Daltrey, thankfully, tackled songs that rarely are played live by The Who, like "I Can See for Miles" and "Pictures of Lily." The former, with its widescreen-like fury, stood loud and proud, drawing some of the loudest cheers of the evening, while the latter wove crunchy guitars through the track's adventurous arrangement.
Even Daltrey's spin on The Who's regular showcase, "Baba O'Riley," blasted from the stage with a freshness that couldn't be denied. The opening synthesizer sequence - it's still the greatest keyboard part in all of rock music - jolted through the audience of all ages, despite the obvious absence of The Who's Pete Townshend, Zak Starkey and Pino Palladino.
Midway through the two-hour, 10-minute concert, Daltrey mentioned The Who's set at the 2010 Super Bowl, a 12-minute appearance that was good but fell short of the Rock and Roll Hall of Famers' unbeatable show at Dallas' Reunion Arena back in 2000 or their stage-stealing moment at Paul McCartney's Concert for New York City benefit in 2001. He told the Uptown Theater's crowd that he was thankful that the New Orleans Saints won the Super Bowl, because they "needed some luck - something good," and he gave props to all U.S. soldiers.
Humor also grabbed a few rays of the decorated theater's colored spotlights. Daltrey bragged about the octave-jumping voice of the late John Entwistle during the show, which ironically was on the eve of the eighth anniversary of Entwistle's death.
"He used to be able to sing really, really high, and then sometime around the late 1960s or early 1970s, his voice just dropped," Daltrey said of Entwistle, The Who's original bassist. "Anyone who ever had the pleasure of speaking with John knew the sound of his voice."
Daltrey then mimicked Entwistle's deep, slightly muffled speaking voice perfectly to cheers and laughter. Several minutes later, when Daltrey wanted to veer from his set list, his band stood silent for a few seconds.

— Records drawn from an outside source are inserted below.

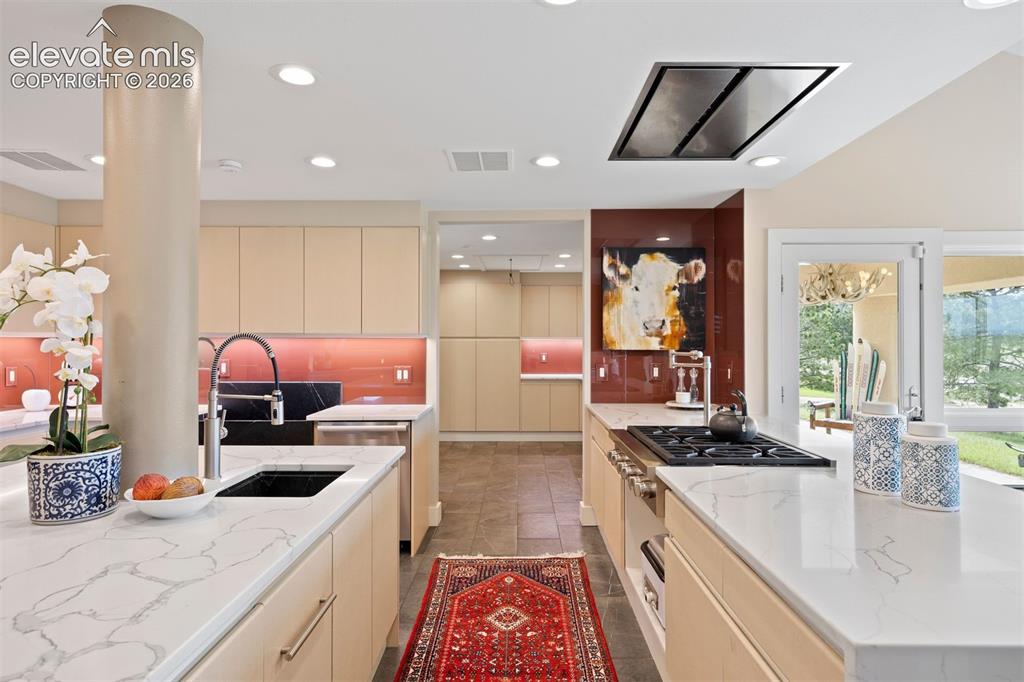 Image 9 of 36: The kitchen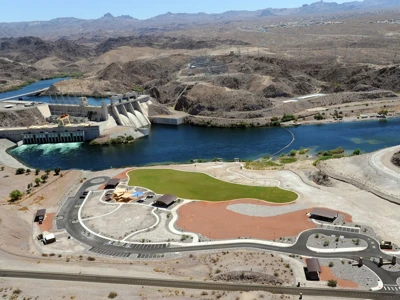 Presa Davis y el río Colorado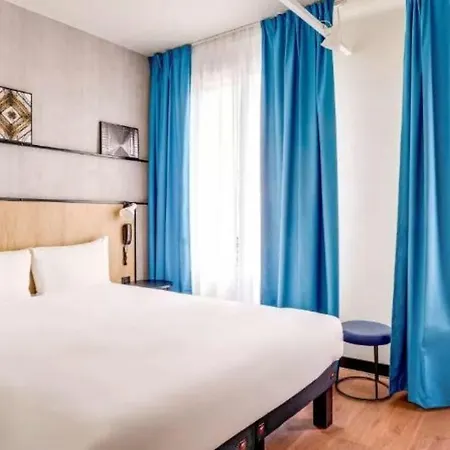 Ibis Daumesnil Porte Doree Hotel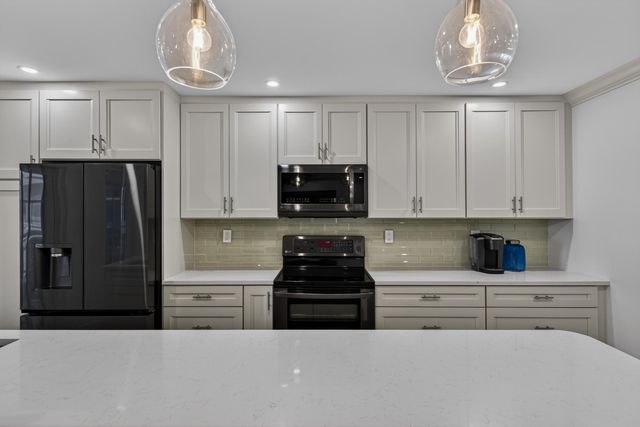 1198 Hillsboro Mile 324, Hillsboro Beach, FL 33062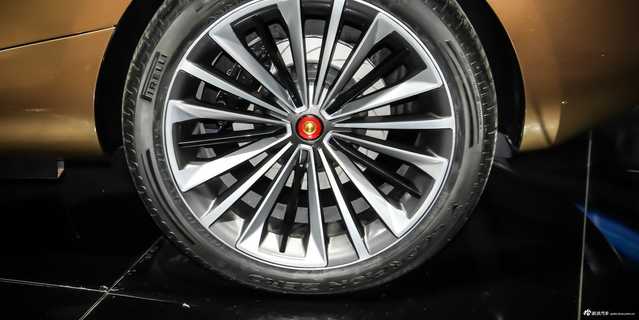 红旗全新SUV亮相车展 网友：比特斯拉前卫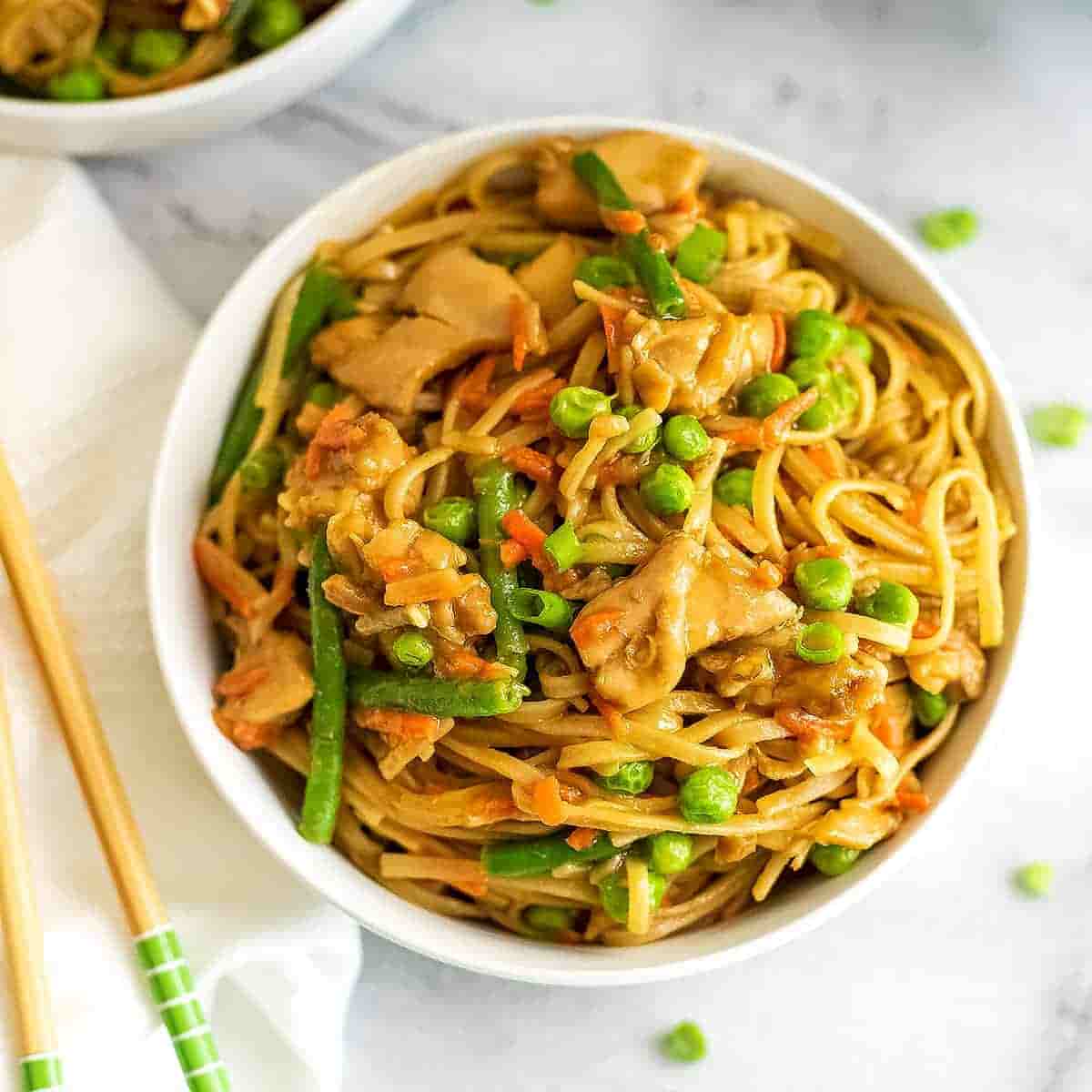 تصویر 1 از قیمت خرید نودل با طعم مرغ چیلی + فروش ویژه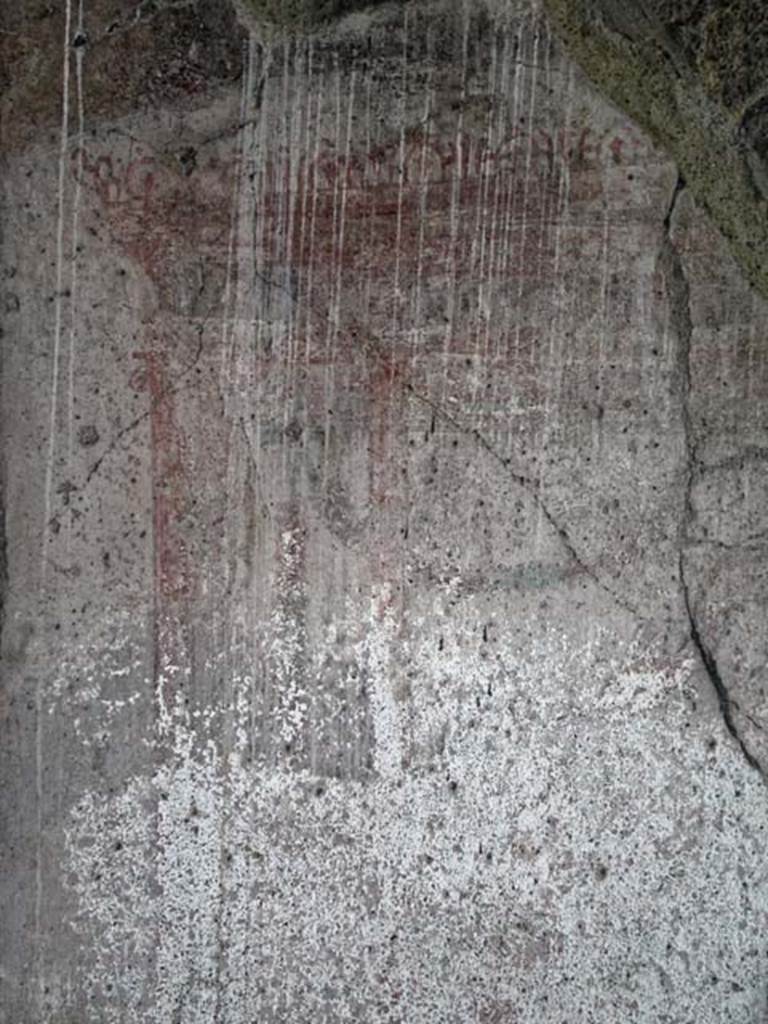 V.6, Herculaneum. September 2003. Remains of painted decoration in shop-room.
Photo courtesy of Nicolas Monteix.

"Play ‘Magic Bus'!" shouted one fan from the dark. "No, I don't want to play that one," Daltrey jokingly barked back with a mock frown. "Do ‘Let's See Action,'" hollered another fan. "No, I don't want to do that one either, because I can't remember all of those words," Daltrey answered with a grin as the audience laughed.
Daltrey's impassioned readings of "My Generation," "Behind Blue Eyes," "Who Are You," "Real Good Looking Boy," "Without Your Love," Taj Mahal's "Freedom Ride," Creedence Clearwater Revival's "Born on the Bayou" and a short medley of Johnny Cash essentials were sprinkled throughout the diverse set. Simon Townshend took lead vocals on the bouncy "Goin' Mobile," and although there was no "Won't Get Fooled Again" or "5:15," bruising versions of "Naked Eye" and "The Real Me" were comforting rewards.
Daltrey decided to name his tour "Use It or Lose It" based on his self-prescribed need to keep his vocal chops limber and warm while The Who are inactive. He and Pete Townshend currently are waiting to see if a new inner-ear monitor system will allow for any more tours for The Who - Townshend, once again, is combating severe tinnitus and can't handle loud stage volume levels.
Standing 15 feet in front of Daltrey in Kansas City revealed a talent and personal side that just don't quite make the full translation through TV or film. His gifts, like the skills of Roger Waters, Carl Palmer and Joe Walsh, are much more stunning in person. Saturday's concert proved that Daltrey, if forced, could make it fine as a solo artist from here on out, but one more Who tour with Daltrey and Pete Townshend at the front of the stage would be tops.